I taste a liquor never brewed –
From Tankards scooped in Pearl –
Not all the Frankfort Berries
Yield such an Alcohol!
Inebriate of air – am I –
And Debauchee of Dew –
Reeling – thro' endless summer days –
From inns of molten Blue –
When "Landlords" turn the drunken Bee
Out of the Foxglove's door –
When Butterflies – renounce their "drams" –
I shall but drink the more!
Till Seraphs swing their snowy Hats –
And Saints – to windows run –
To see the little Tippler
Leaning against the – Sun!
---
Emily Dickinson
The opening of this poem is the key for its interpretation.
The poet drinks a liquor that was actually never brew, a liquor that does not exist if not in the imaginary world of the author. This is the summa of Dickinson's paradigm, concreteness that comes from abstraction.
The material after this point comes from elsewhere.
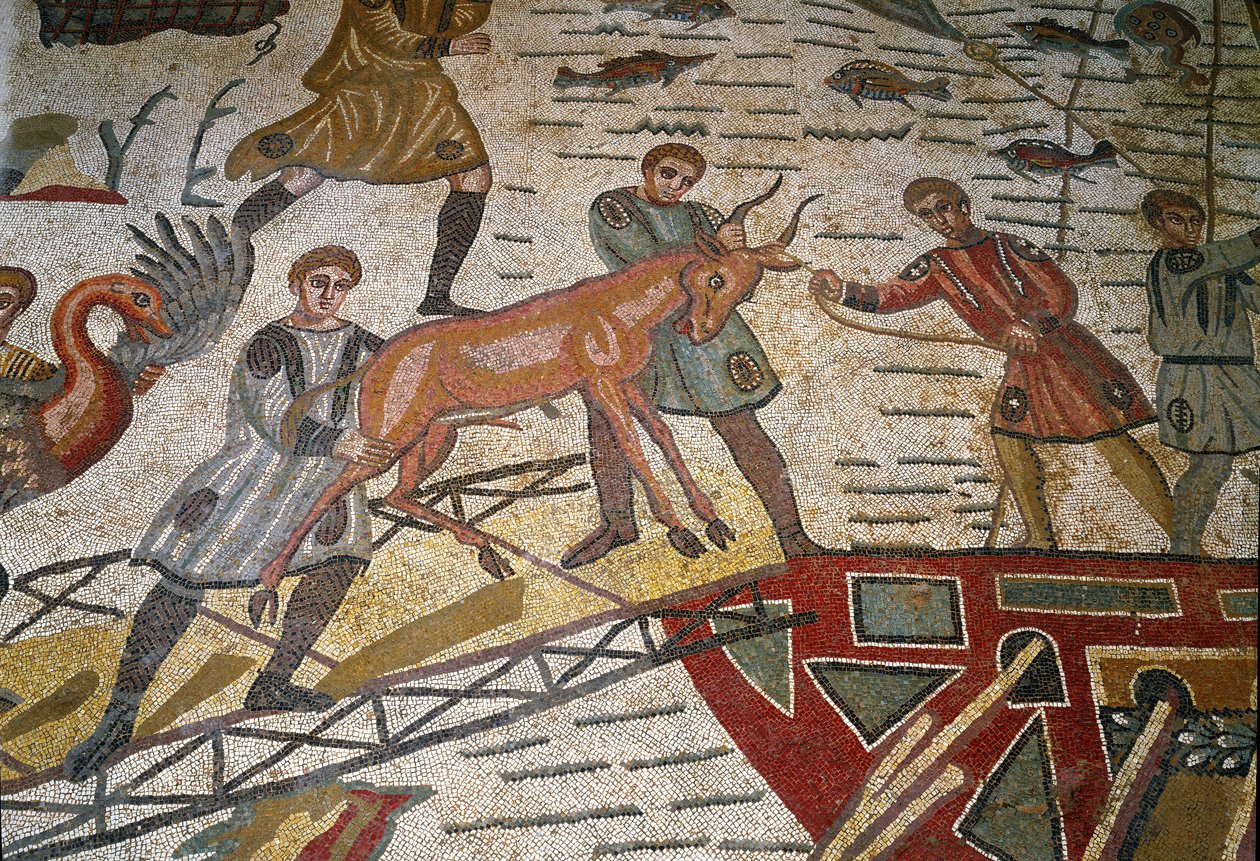 Římské umění: detail mozaiky „“Hlavní lovecká část““ Gazely se nakládají na lodě. 315-350 našeho letopočtu. Piazza Armerina, Villa Romana del Casale od Roman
This is the utmost power of the poet, the ability of knowing the unknown, of seeing the unseen, of writing the unwritten.
The poet lets her imagination flow towards the myth and the transgression of legendary bacchanals, towards what for her was outlandish and enchantingly appealing. She sees precious Tankards from a distant Germany, where the masters of distillation and drunkenness stereotypically were placed. These Vats from the Rhine that probably only a few Germans know, and a fewer ever tasted.
But Dickinson declares the truth at the beginning of the second stanza. She is drunk of air and the only debauchery that she knows comes from dew. Her summer days are endless, presumably quite ordinary, and the only Inns she can attend are those offered by a bright blue sky. Alcohol? Not a single trace. She is drunk of nature, of pureness, of simplicity. Yet a simplicity that is rich and mincing, as nature can be to the eyes of the poet.
This is the joy and the torture of the author. For she will keep on drinking this 'poison' until the end of time, until the foxgloves will stop blooming and the butterflies will no longer collect pollen from the flowers. The addict Bee will be drinking more and more from the copious source.
The fourth and last stanza brings us to an upper level. We leave the Inns, the Rhine, the human dimension and limits, and we gaze up the sky, where benevolent Seraphs will shake the clouds or let the snow fall to greet the author and approve her behavior. This mention to the Seraphs and to Saints in the following verse shows that the poet is far far distant from common drunkenness and vulgar sinners.
Her drinking is spiritual, transcendental, metaphorical. It has to do with nature, with a religious approach to the concreteness of the objects and the inconsistency of the ideas.
Is she really happy about this? Happy to lean again the sun, as if she really were a tippler? Maybe yes, if we surrender to the thought that she was not 'just' a naive girl dreaming about the outside world built up in elegant yet unreal images, but a true rebel visionary, capable of getting drunk of her imagination.